This article was originally published on Law360 on September 19, 2014.
Scaling back considerably from its 2012 term, the U.S. Supreme Court issued only a few rulings affecting environmental law during last year's term. With significant pronouncements regarding the U.S. Environmental Protection Agency's Clean Air Act regulatory authority among them, however, the Supreme Court's Term was far from uneventful. Several more cases slated for its upcoming term presage rulings across a broad spectrum of environmental and administrative law issues.
Major Environmental Cases Decided this Term
Two CAA rulings, EPA v. EME Homer City Generation LP and Utility Air Regulatory Group v. EPA, attracted widespread interest. Both cases are expected to dramatically affect the EPA and states’ administration of the CAA over cross-state pollution, state and federal implementation plans and greenhouse gas regulation.
Clean Air Act Cases
In EPA v. EME Homer City Generation, issued April 24, 2014, the Supreme Court reversed the D.C. Circuit, which vacated the EPA’s latest attempt to develop a rule implementing the “Good Neighbor Provision” of the CAA. The Good Neighbor Provision obligates the EPA to protect downwind states against air pollutants emitted by plants located in “upwind” states.
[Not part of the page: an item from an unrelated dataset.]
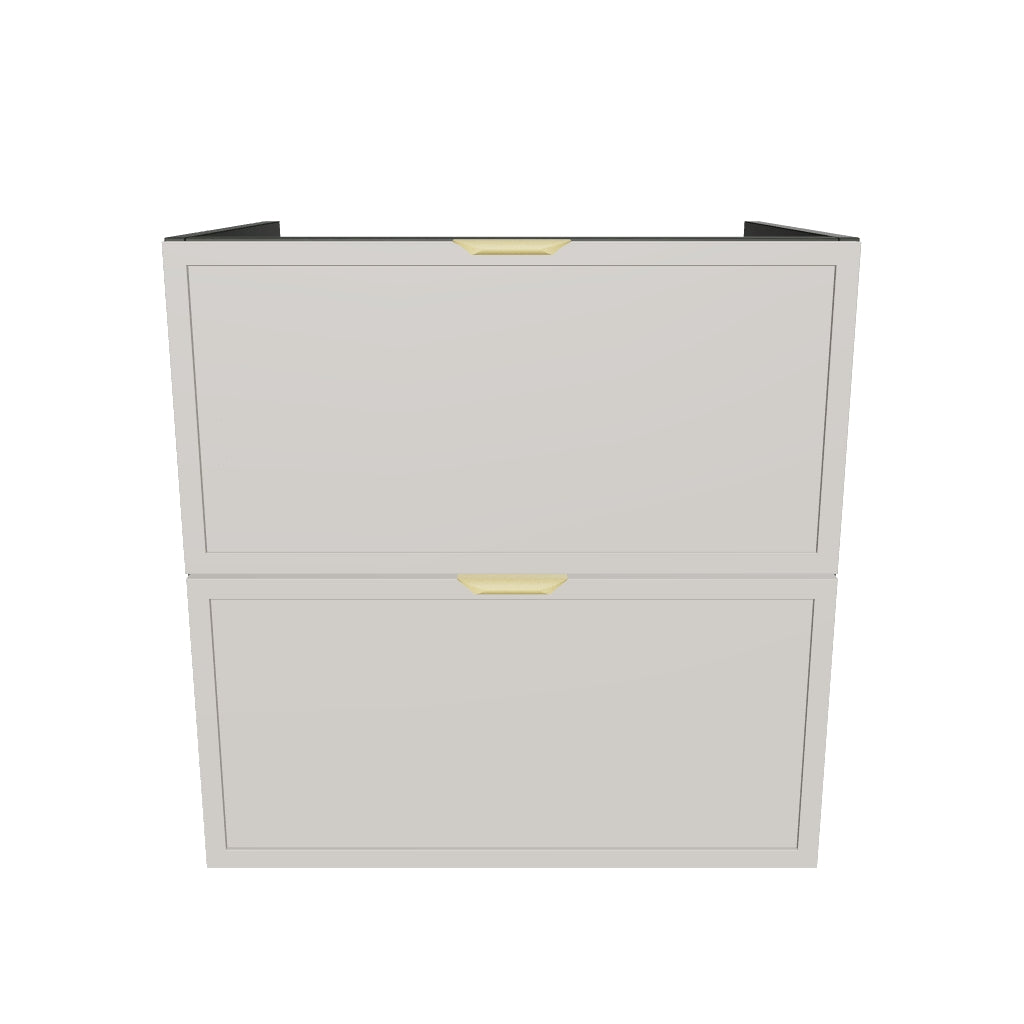 Dulap pentru lavoar 60 cm, 2 sertare, fronturi cu rama decorativa, fara blat Roma - Casmir/Nuc inchis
The EPA’s latest revision was known as the Cross-State Air Pollution, or Transport Rule. The D.C. Circuit held the regulation exceeded the EPA’s authority by vesting too much responsibility in the agency relative to the states. Justice Ruth Bader Ginsburg, writing for the majority in a 6-2 decision, held the EPA reasonably interpreted the Good Neighbor Provision and that its interpretation was entitled to Chevron deference, which directs courts to defer to federal agencies’ statutory interpretations unless they are unreasonable.
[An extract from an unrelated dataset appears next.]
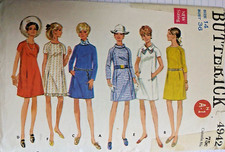 Dress Sheath Tend Twiggy 14 Butterick 4942 Sewing Pattern Cut Mini Short Vtg 70s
Moreover, the CAA gives the EPA the discretion to employ a “cost-effective” approach to reduce the amount of pollutants emitted by upwind states. Although the lower court cited a number of practical difficulties such states would face in implementing the Transport Rule, the Supreme Court rejected this argument, stating that “the practical difficulties cited by the D.C. Circuit do not justify departure from the CAA's plain text.” Without elaboration, the Supreme Court also noted that there are limits to how far the EPA can go to compel reductions in upwind states.
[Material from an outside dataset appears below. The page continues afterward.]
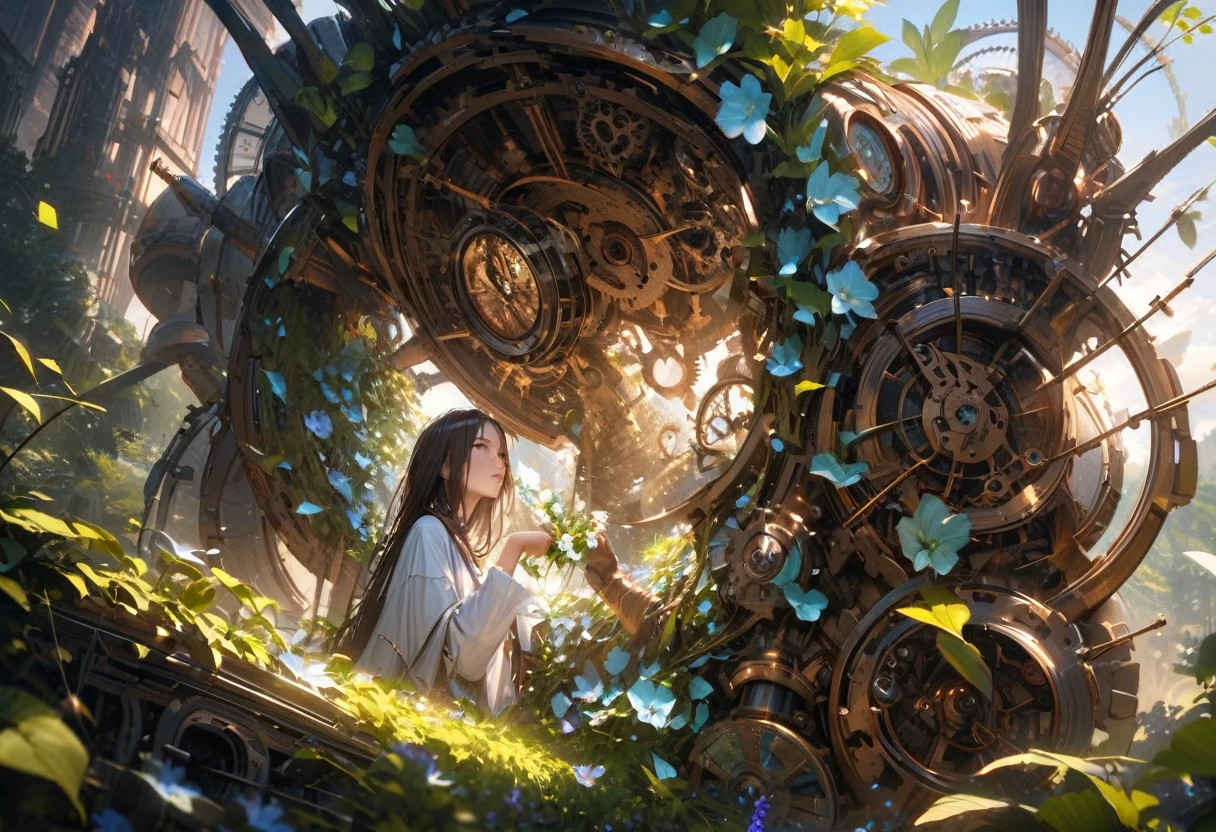 (highres,masterpiece:1.2),ultra-detailed,realistic,humanoid robot,picking a flower,studying a flower,detailed clockwork mechanism,shiny metal surface,delicate gears and screws,emitting gentle whirring sounds,sophisticated technology,meticulously designed joints and limbs,expressive humanoid face,curious and observant eyes,precision in movements and gestures,unique personality,examining the petals and stem,carefully analyzing the flower's structure,thorough inspection of each detail,analyzing the colors and patterns,admiring nature's beauty,blending man-made machinery with organic elements,a beautiful blue sky in the background,natural sunlight casting gentle shadows,soft breeze rustling nearby leaves,peaceful and tranquil garden setting,harmony of man-made and natural elements,a sense of wonder and discovery in the air,demonstrating the perfect symbiosis between technology and nature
The case was remanded to the D.C. Circuit, and the court observed that there are additional challenges to the Transport Rule pending in the federal courts of appeal. The most important implication of this decision may well be its potential to breathe new life into the EPA’s regional cap-and-trade program, which could also reinvigorate the CAA's policy of cooperative and collaborative federalism.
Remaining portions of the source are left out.